What are the lines below, starting at the line containing "Jerzees® - Dri-Power®" and ending at the line containing "Boys 'Evan' Dress Shirt"? Write them out exactly, ends included, without pictures.

[Start of section]

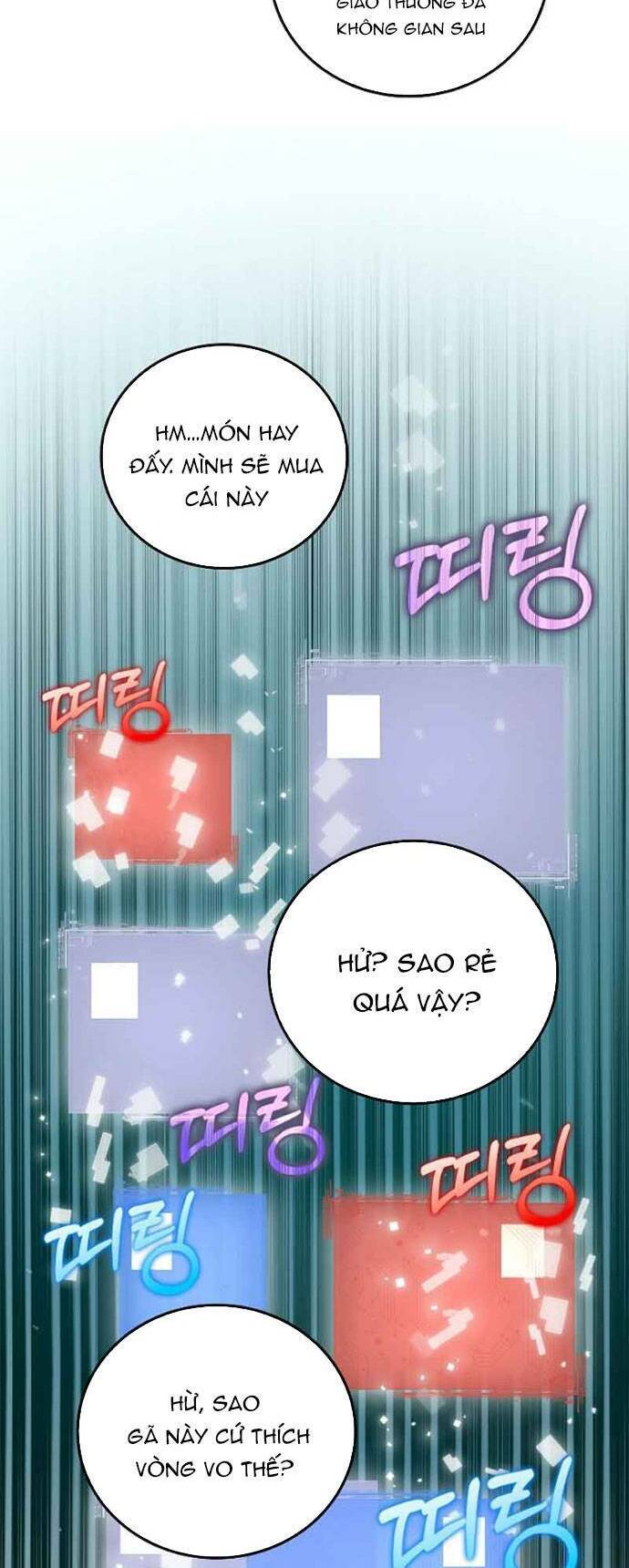 Thương Nhân Thánh Thần Chap 101 - Next Chap 102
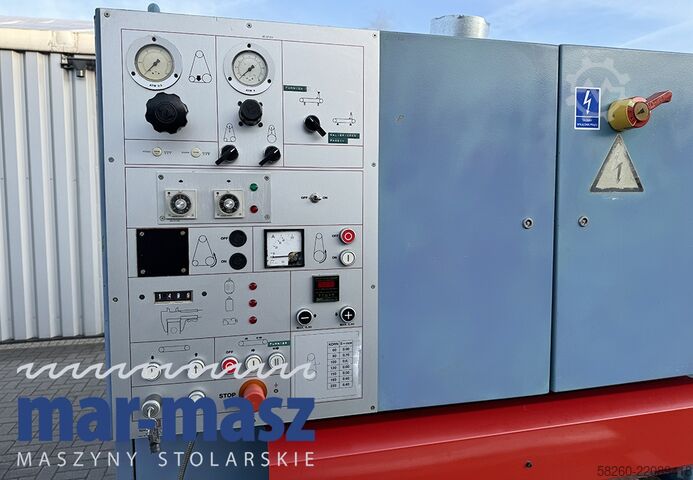Breitbandschleifmaschine 2 Einheiten OTT OMEGA 110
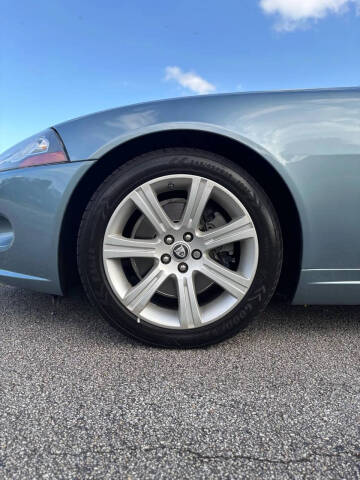 2007 Jaguar XK-Series XK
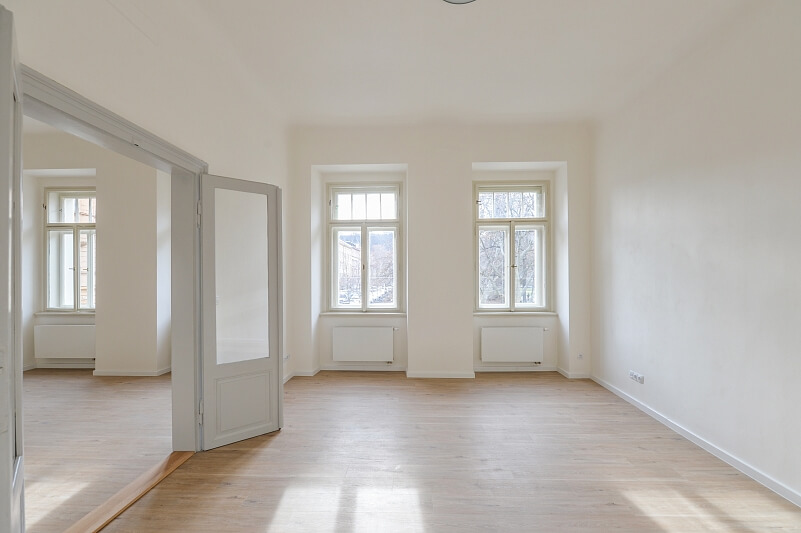 Sokolovská, Karlín - Prague 8 | Rent, Apartment One-bedroom (2+1), 75 m²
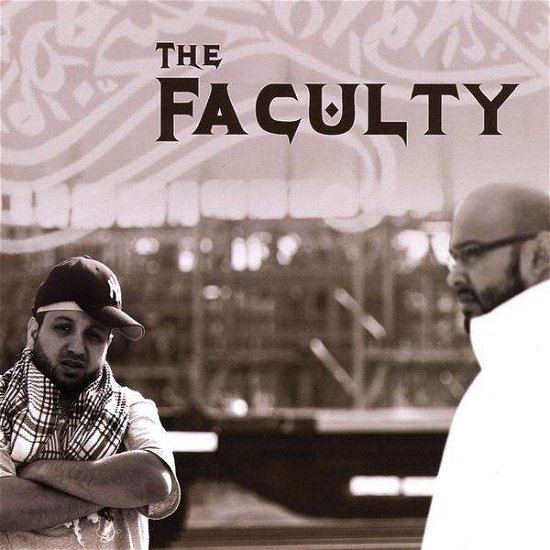 Cover for Faculty (CD) (2009)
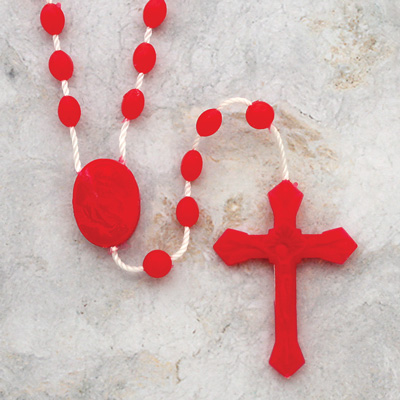 Red String Rosary
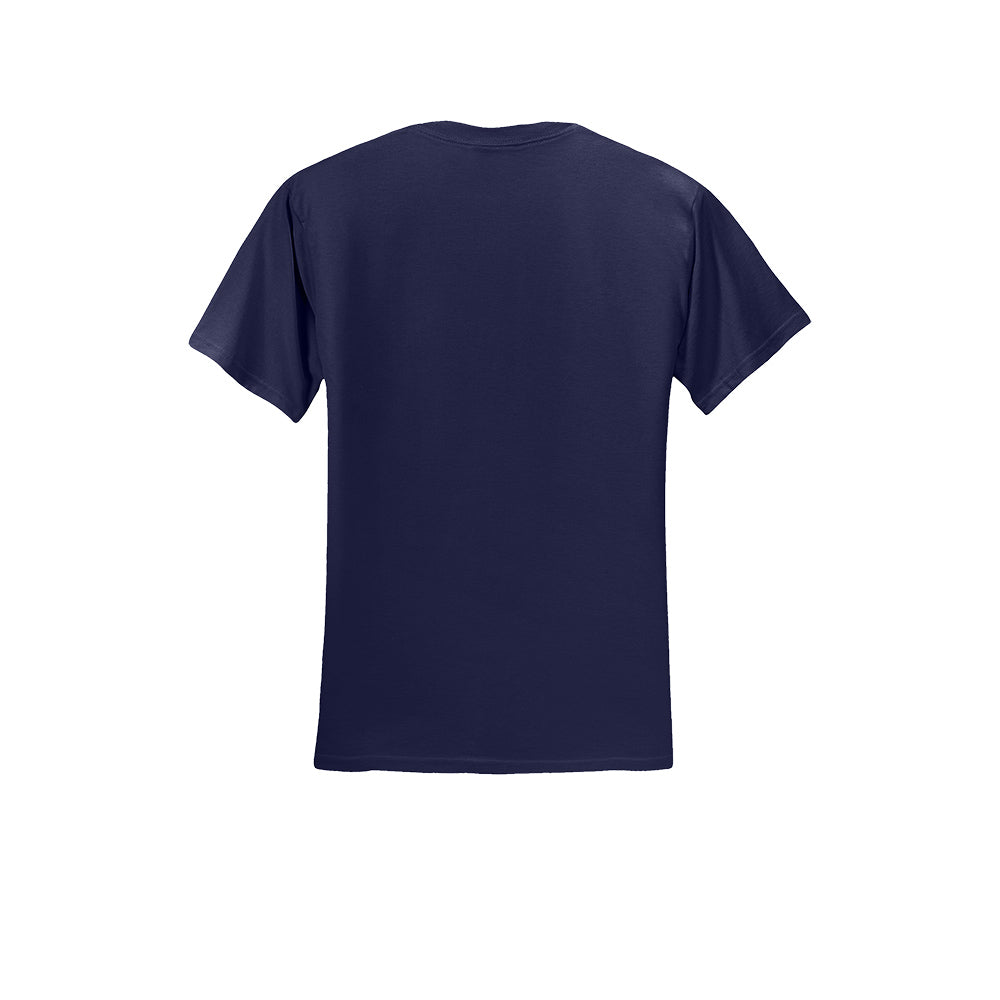 Jerzees® - Dri-Power® 50/50 Cotton/Poly T-Shirt - Navy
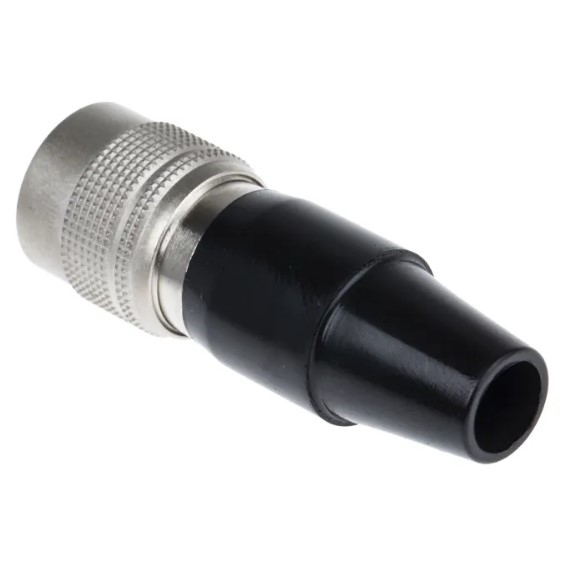 Rắc Hàn Hirose Jack Connector HR10A-10P-12S(73) 12 Pin Female For Camera Industrial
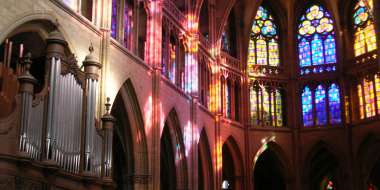 Visite de la Cathédrale Saint-Cyr-et-Sainte-Julitte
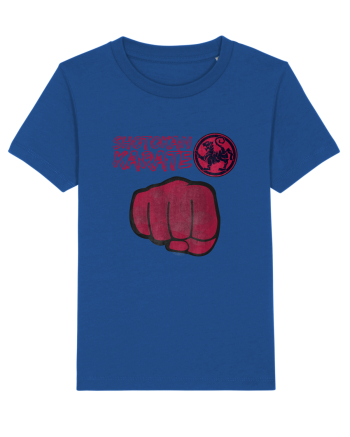 Shotokan Karate Majorelle Blue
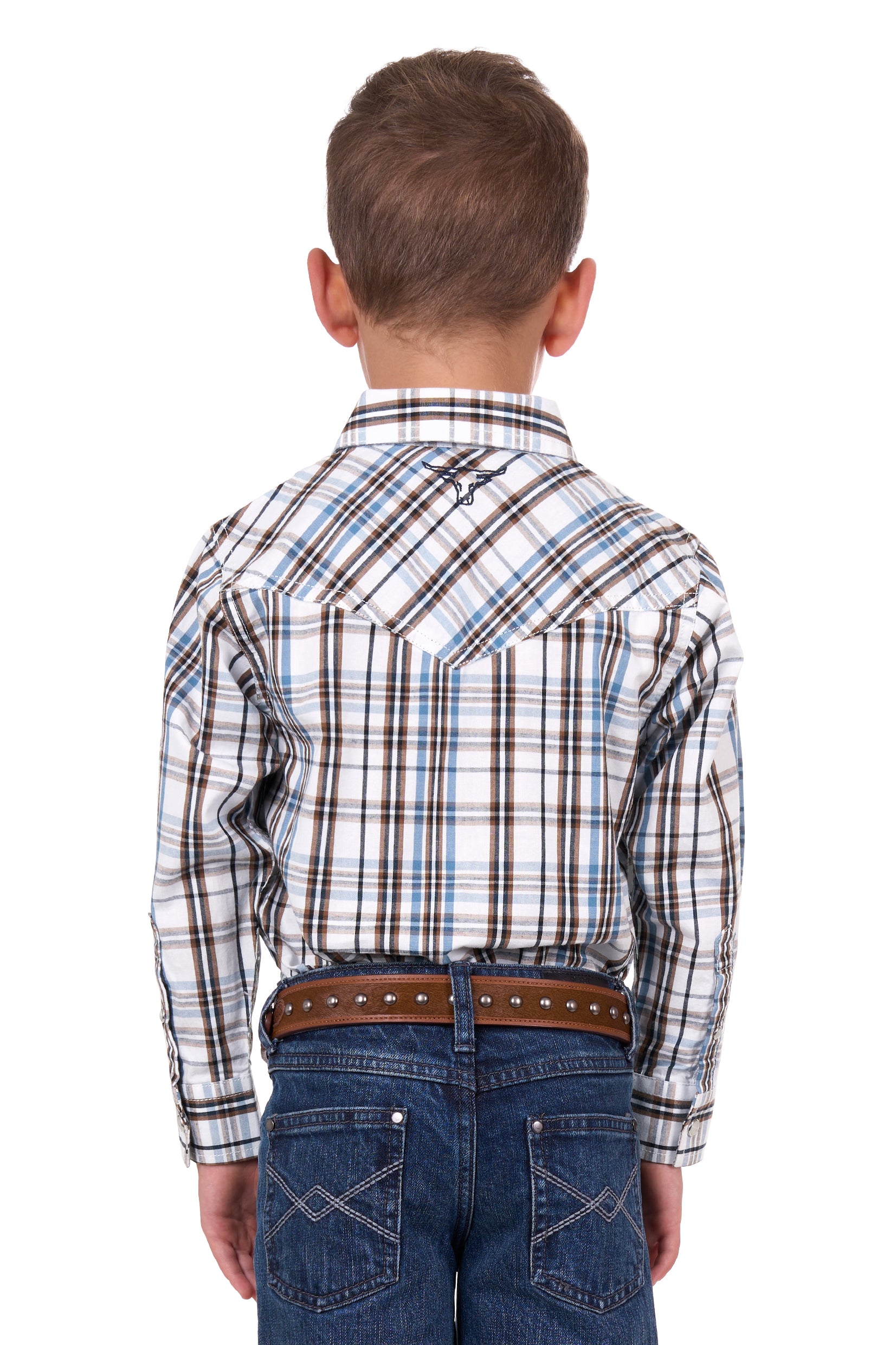 Boys 'Evan' Dress Shirt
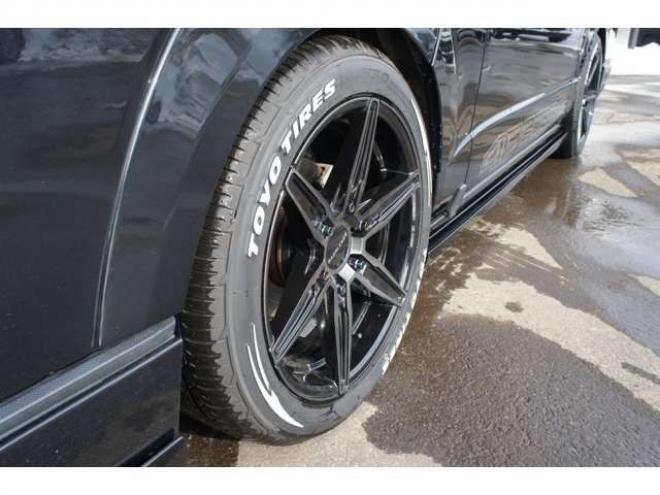 ハイエース2.7 GL ロング ファインテックツアラー 4WD　415COBRA　ファントムヘッドライトシステム&フェイスリフトキット&F/S/R/ルーフスポ/ボンネット/プレステージテールランプ&新作バッドラッカーHP-6　18インチAW　TOYO　H30　225/50R18 2700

[End of section]

Finished exercise:
 Jerzees® - Dri-Power® 50/50 Cotton/Poly T-Shirt - Navy
 Rắc Hàn Hirose Jack Connector HR10A-10P-12S(73) 12 Pin Female For Camera Industrial
 Visite de la Cathédrale Saint-Cyr-et-Sainte-Julitte
 Shotokan Karate Majorelle Blue
 Boys 'Evan' Dress Shirt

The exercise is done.